I can see Joel's taxonomy at work reasonably well in these parts of my own history. I've also found that really understanding another person's philosophy of separation can open up new friendships and appreciations where before none existed. For example, I was astonished one night at Capitol Hill when Dever highly recommended BJU professor Mark Sidwell's history of African American heroes of the faith "Free Indeed," and I'm also encouraged by the vast selection at the BJU Campus Store of books by good conservative evangelicals like Dever, Mohler and others. With new friendships come new influences. Dever's writing can help baptist ecclesiology within fundamentalism, and fundamentalists can (and I think have) positively effect the thinking of evangelicals on separation.

Anyway, thanks Joel for the article it helps me understand some of your posts in different areas of SI.


Aaron Blumer's picture


Jim Peet wrote:
I envision the Missionary questionnaire being one page longer

Jim, the font looks exactly like some missionary (and pastoral candidate) questionnaires I've seen. Biggrin (I didn't know it was possible to create that look without making a copy of a copy of a copy of a copy of a mimeograph)

As for the scale, I guess I'm probably a B+ most days, but it depends on who's in the room and what we're talking about.
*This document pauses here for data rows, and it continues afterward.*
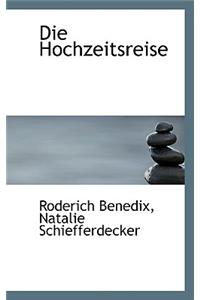 Die Hochzeitsreise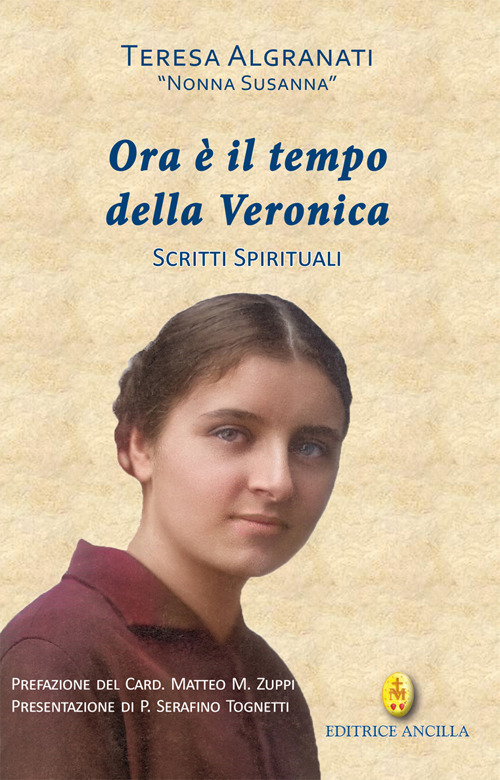 Ora è il tempo della Veronica. Scritti spirituali
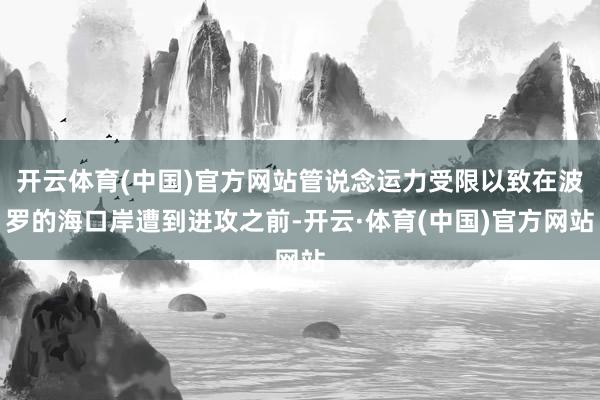 开云体育(中国)官方网站管说念运力受限以致在波罗的海口岸遭到进攻之前-开云·体育(中国)官方网站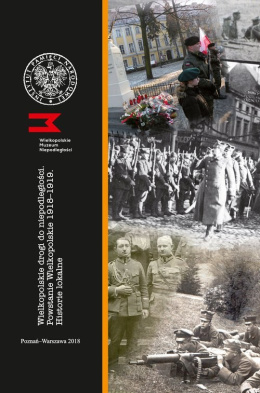 Wielkopolskie drogi do niepodległości Powstanie Wielkopolskie 1918-1919 Historie lokalne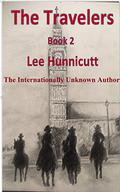 The Travelers: Book 2 by Lee Hunnicutt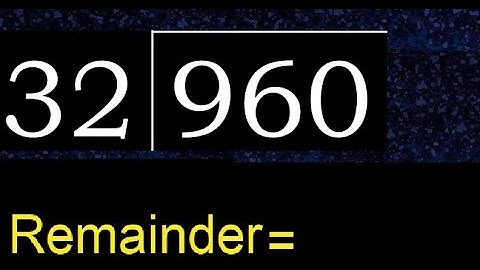 Divide 960 by 32 , remainder  . Division with 2 Digit Divisors . How to do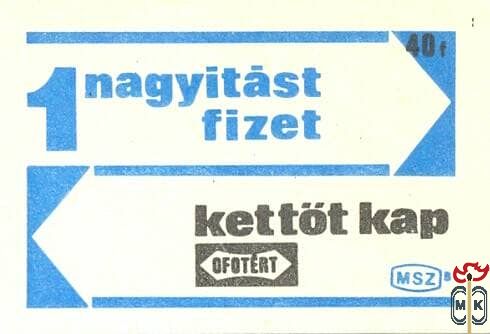 1 nagyítást fizet, kettőt kap, Ofotért 40f MSZ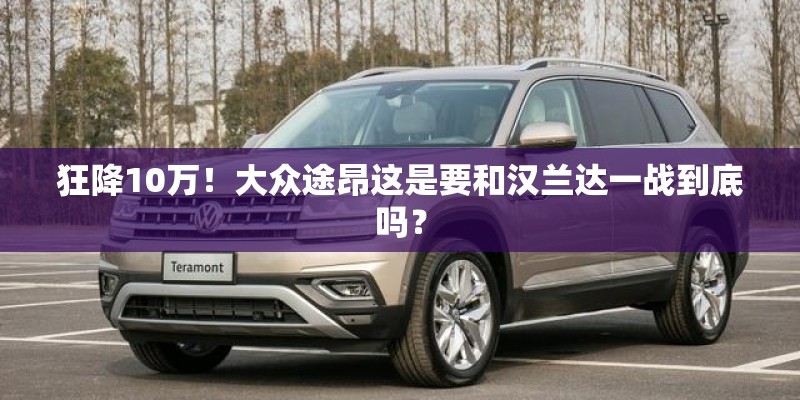 狂降10万!大众途昂这是要和汉兰达一战到底吗? 狂降10万!大众途昂这是要和汉兰达一战到底吗?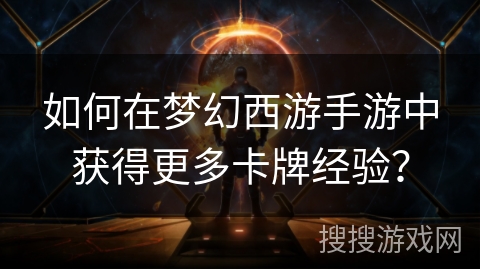 如何在梦幻西游手游中获得更多卡牌经验？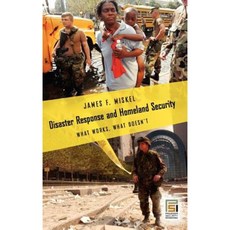 Disaster Response and Homeland Security: What Works What Doesn't Hardcover, Praeger Publishers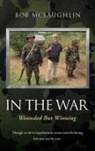 Bob McLaughlin - In the War: Wounded But Winning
When facing really dogmatic A's, I find myself dropping into the C- range for the sake of argument. And if I'm with C's who are doing a lot of talk against "the American dream" or advocating giving-based economies or just doing really sloppy lump-and-dump of all the As and Bs, I find myself flirting with A+ territory.

I like to think I'm opposed to wherever the weak argument is at the moment. But maybe I'm just a curmudgeon.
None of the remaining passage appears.